El patio parece enorme. Los invitados se dividen en grupos. Veo a tres flacuchos en cuero tomando de una jarra y charlando con mi padrino, Pascual, que me parece alto, negro y flaco, como un jugador de básquet. Una pareja baila en patas rocanrol. Un tipo vestido con ropa verde oliva de militar le hace una toma de judo a una chica que se cae al suelo cagándose de risa. Fabi, borracho, es un tornado y rebota por el patio arrasando todo lo que se cruza, con una risa que da miedo. Agarro unos muñecos y juego abajo de la mesa del patio. Entre las cervezas vacías veo la pileta llena de hipopótamos y sultanes hirviendo en el agua. Las piernas de las mujeres zapatean al ritmo de la música, pies con sandalias, me dan ganas de hacerles cosquillas. Me arrastro con mis muñecos por el suelo. Atravieso las damajuanas negras con su corsé de plástico, los sifones tirados que parecen loros petrificados, las tapitas de cerveza, el pegote dulce de un manchón de vino. Me fascina escuchar las carcajadas. Son carcajadas contagiosas que van encendiendo a los grupos como una llamarada; cada contagiado de risa vomita la carcajada, llora, se cae de rodillas. Carcajadas batidas con las puteadas que no se dicen en casa, las palabras prohibidas que yo no puedo decir, porque están envueltas en púas (rebota por el patio de un grupo a otro: gordo trolo/ chupame la pija/ pedazo de puto), toda la ponzoña que largan los amigos de papá y mamá cae al piso como frutas lascivas con la pulpa al aire, las voy juntando y me las trago, las repito para adentro: concha, culo, pija, puto, saboreo el jugo de cada palabra, me siento desnudo cuando las escucho. Las guardo para el día que pueda lanzarlas en público. Cada vez más gente se mete a la pileta donde chapotean los gordos, el agua rebalsa. Papá charla con Pascual y Fabi del pájaro metálico de una canción, en otro grupo hablan del avión negro de Perón. Para mí un avión negro con cabeza de aguilucho surca el cielo alumbrándonos con luces rojas a punto de caer en picada sobre nosotros.

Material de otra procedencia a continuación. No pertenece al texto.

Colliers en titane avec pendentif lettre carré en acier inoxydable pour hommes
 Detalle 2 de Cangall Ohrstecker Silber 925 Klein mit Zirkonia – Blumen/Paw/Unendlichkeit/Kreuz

Me mandaron a dormir, pero estoy excitado y quiero seguir jugando. Desde mi cama puedo escucharlos. Me trepo a una silla y los miro desde la oscuridad. La reunión languidece, los amigos empiezan a irse, de a poco llega la luz al patio y queda la mesa chica de la reunión. Papá y mamá están sentados uno junto al otro contentos, olvidándose de la guerra doméstica, de tener que vivir reinventando capacidades para no sucumbir. En unos días papá va a ir a vender bombachas con mi tío a Paraguay. Mamá va empezar la facultad. Tienen 23 años.